We wore black gi's from the start, assuming you bought a gi.  There was no restriction on the colors we could wear - and this probably produced some extra sells...we wore red gi's, black gi's, white gi's, US flag jackets with blue pants and so on.  Some of us got the great idea that we could mix and match the pants and jacket color.

At some point, somebody started tucking in their gi top and that became "all the rage" for about a year.


----------



## DavidCC (Mar 1, 2005)

3rd kyu, 2nd kyu, 1st kyu, 1st dan, 2nd dan... it makes some sense I guess (my school does it that way too)


we have white belt as 9th kyu

white, yellow, orange, purple, blue, green, brown, brown, brown, black

we get a black gi at blue.  The blue belt test is long, difficult, very taxing.  Up until this point, your promtions come in class when the Instructor knows you are ready.  For blue, you get specificaly and rigorously tested, and could fail.  For green, and browns it's back to "when you are ready the belt is awarded".  Then for black it is "beat down time" again.  We do that becaseu, that black gi symbolizes experience and ability.  the lower belts see that gi and know it is someone who will know the best answer to their question.  So we need to be sure...
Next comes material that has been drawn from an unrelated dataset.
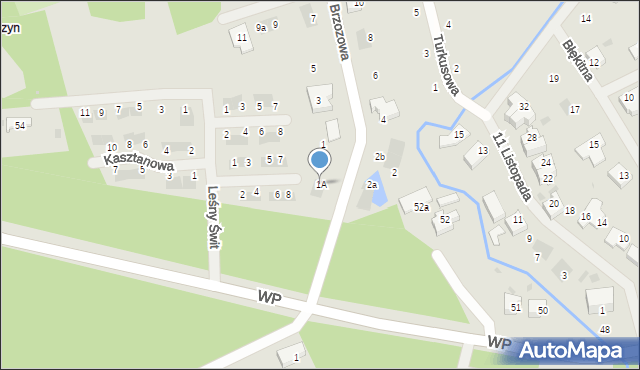 Goleniów, Brzozowa, 1A, mapa Goleniów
It's also the whole 'rite of passage' thing too, I gotta admit it, the "black gi club" is kewl    "I am somebody now" hahaha


----------



## Scott Robinson (Mar 3, 2005)

We do things a little different (in a Cerio derived system).  

We have kyu ranks (called "classes") from 1st brown to white.  We have three classes of brown - starting with "brown 3 / sankyu".  For this class we have three stripes.  We take stripes off as we advance through the brown ranks.  So - for "brown 2/ nikyu" we have two striped; for brown 1 we have one stripe.

I like the metaphor of stripping away as one moves towards black - but we seem to be one of the few systems that do it this way.

It is interesting to see all of the variations on a core practice (three browns).


----------



## Gufbal1982 (Nov 23, 2006)

Just like Joe, I used to call it the countdown to black belt.  We changed to black gi's at purple belt.  Black was the symbol of "being let into the temple to train" or at least that's what my instructor told me...however, they wouldn't consider you intermediate until green and advanced at brown.  USSD I know consider's you advanced at blue belt...that way you can go to headquarters and test there.


----------



## Danjo (Nov 24, 2006)

Gufbal1982 said:


> Just like Joe, I used to call it the countdown to black belt. We changed to black gi's at purple belt. Black was the symbol of "being let into the temple to train" or at least that's what my instructor told me...however, they wouldn't consider you intermediate until green and advanced at brown. USSD I know consider's you advanced at blue belt...that way you can go to headquarters and test there.


 
And pay your money directly to them as I remember.


----------



## Gufbal1982 (Nov 24, 2006)

yup


----------



## IWishToLearn (Nov 24, 2006)

First Degree Brown is the highest, with no stripes.
Second Degree Brown is the middle rank, with two stripes.
Third Degree Brown is the first brown belt rank you attain, with three stripes, this rank is just above Green.


----------



## Doc (Nov 24, 2006)

shane23ss said:


> Yeah, it was confussing to me when talking to EPAK guys. They were talking about 1st degree brown and so on. I knew EPAK had degrees/kyu to the brown but didnt realize that 1st was higher than 3rd. Anyone know why that is?


The ranking structure comes from the Japanese, who were the first to install this belt structure in the sport of Judo. Because competitive sparring, (randori) was a requirement for advancement, and classes had people of all ages and both genders, a rank classification was created by Jigoro Kano. Students then could compete in ther own classification reasonably and fairly against students of similar experience.

The system utilizes the "kyu" that counts downward from beginner at 8 to advanced at 1st kyu. The brown belt ranks correspond to 3rd, 2nd, and 1st kyu. The "dan" ranks then began to count upward from there.

I dumped the Japanese kyu system years ago while still maintaining the three levels of brown, but put in proper American numerical order ascending instead of descending with "3rd degree brown" the highest.


----------